What the exercise asks: Go through the entries below and copy every line that holds the word "image".

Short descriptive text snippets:
..........
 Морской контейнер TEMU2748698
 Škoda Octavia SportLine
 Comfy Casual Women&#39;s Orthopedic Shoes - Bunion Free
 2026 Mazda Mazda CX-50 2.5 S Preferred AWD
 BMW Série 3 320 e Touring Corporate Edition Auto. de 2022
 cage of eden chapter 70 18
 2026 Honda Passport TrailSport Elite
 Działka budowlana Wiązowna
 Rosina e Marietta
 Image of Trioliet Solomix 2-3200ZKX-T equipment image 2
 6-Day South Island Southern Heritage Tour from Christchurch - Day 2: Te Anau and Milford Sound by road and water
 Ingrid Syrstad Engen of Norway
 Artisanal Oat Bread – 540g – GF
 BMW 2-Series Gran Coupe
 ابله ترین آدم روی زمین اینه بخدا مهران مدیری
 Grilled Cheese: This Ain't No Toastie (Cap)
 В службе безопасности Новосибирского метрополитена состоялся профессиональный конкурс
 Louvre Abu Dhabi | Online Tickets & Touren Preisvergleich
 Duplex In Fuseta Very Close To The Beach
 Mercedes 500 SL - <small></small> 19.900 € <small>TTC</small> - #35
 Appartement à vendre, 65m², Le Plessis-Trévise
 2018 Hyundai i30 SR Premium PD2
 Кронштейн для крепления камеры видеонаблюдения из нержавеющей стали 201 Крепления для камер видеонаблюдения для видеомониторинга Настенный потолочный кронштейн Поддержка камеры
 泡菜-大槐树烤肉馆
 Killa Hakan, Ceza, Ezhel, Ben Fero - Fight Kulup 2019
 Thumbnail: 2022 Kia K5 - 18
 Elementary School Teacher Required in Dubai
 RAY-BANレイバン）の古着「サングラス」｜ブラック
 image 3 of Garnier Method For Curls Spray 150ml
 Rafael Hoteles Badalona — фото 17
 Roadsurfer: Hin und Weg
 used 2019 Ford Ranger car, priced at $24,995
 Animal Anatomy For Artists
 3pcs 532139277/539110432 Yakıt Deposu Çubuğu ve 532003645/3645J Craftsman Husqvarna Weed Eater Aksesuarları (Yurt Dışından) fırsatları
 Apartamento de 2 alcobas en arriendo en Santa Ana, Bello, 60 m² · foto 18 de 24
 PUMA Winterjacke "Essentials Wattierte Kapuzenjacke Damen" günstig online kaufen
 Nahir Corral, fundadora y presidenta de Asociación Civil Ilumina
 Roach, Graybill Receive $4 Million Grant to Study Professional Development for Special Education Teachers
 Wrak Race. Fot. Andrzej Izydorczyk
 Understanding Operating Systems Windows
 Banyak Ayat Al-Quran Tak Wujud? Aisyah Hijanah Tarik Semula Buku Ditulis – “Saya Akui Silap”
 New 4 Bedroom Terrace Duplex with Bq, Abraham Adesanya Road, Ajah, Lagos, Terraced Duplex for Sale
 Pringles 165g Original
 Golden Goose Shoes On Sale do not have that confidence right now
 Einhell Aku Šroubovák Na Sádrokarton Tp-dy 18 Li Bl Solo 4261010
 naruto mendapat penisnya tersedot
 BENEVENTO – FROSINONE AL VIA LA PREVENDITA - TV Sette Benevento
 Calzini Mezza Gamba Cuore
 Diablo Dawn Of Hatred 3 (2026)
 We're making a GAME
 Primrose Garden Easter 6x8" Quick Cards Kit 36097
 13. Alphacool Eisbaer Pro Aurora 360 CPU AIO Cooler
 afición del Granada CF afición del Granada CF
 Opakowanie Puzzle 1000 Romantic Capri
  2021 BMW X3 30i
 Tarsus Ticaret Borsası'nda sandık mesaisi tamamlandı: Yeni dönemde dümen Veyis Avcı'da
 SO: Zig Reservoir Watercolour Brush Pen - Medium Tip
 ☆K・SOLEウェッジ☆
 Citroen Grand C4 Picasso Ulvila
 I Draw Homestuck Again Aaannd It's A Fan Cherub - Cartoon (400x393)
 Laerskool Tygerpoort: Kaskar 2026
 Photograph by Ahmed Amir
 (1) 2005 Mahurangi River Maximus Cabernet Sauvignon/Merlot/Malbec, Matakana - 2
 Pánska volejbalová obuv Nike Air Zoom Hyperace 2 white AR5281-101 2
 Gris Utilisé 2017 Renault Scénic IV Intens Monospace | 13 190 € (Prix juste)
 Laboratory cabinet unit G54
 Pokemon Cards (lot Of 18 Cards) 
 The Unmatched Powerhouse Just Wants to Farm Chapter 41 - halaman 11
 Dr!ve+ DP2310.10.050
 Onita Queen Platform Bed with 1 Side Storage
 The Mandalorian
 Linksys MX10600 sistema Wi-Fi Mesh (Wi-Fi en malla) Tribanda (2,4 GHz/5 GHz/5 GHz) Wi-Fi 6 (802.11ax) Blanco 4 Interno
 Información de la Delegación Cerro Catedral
..........
Output below:
 Image of Trioliet Solomix 2-3200ZKX-T equipment image 2
 image 3 of Garnier Method For Curls Spray 150ml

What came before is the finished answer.